MATERIAL FOR THIS EXERCISE
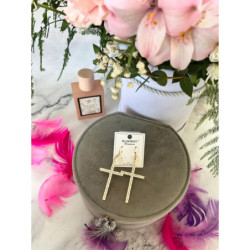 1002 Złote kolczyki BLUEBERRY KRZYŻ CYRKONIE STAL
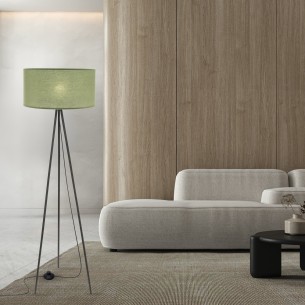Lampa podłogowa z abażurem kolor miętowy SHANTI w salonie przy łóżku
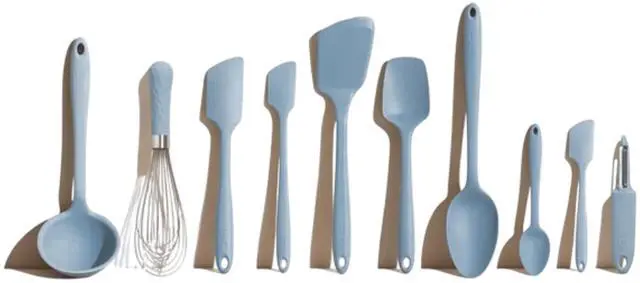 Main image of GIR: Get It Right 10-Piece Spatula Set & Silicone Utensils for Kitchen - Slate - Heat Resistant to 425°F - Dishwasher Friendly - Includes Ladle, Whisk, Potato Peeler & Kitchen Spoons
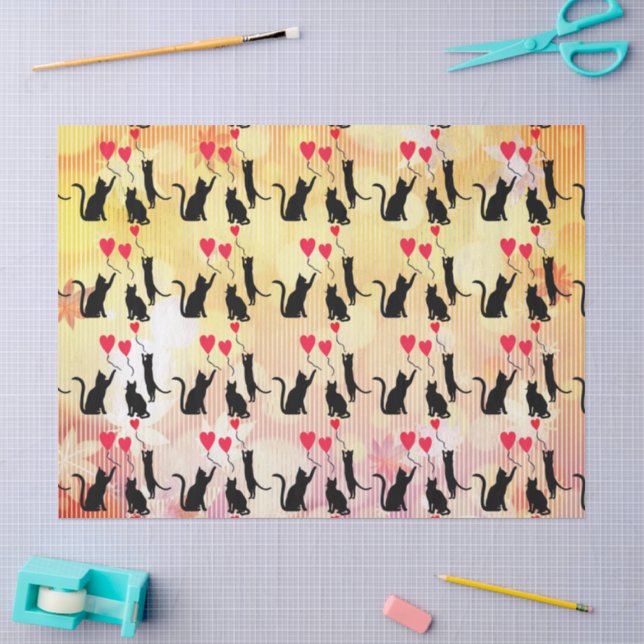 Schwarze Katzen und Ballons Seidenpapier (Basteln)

* * *

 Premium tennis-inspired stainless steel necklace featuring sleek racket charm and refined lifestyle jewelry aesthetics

--

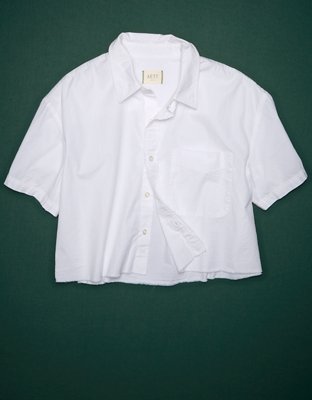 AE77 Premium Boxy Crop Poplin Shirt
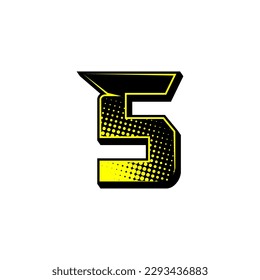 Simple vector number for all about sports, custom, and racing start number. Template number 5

ASSIGNMENT
Repeat, word for word, the lines of the material above from the one holding "1002 Złote kolczyki" through the one holding "Schwarze Katzen und". Leave out pictures.

TASK OUTPUT
 1002 Złote kolczyki BLUEBERRY KRZYŻ CYRKONIE STAL
Lampa podłogowa z abażurem kolor miętowy SHANTI w salonie przy łóżku
 Main image of GIR: Get It Right 10-Piece Spatula Set & Silicone Utensils for Kitchen - Slate - Heat Resistant to 425°F - Dishwasher Friendly - Includes Ladle, Whisk, Potato Peeler & Kitchen Spoons
 Schwarze Katzen und Ballons Seidenpapier (Basteln)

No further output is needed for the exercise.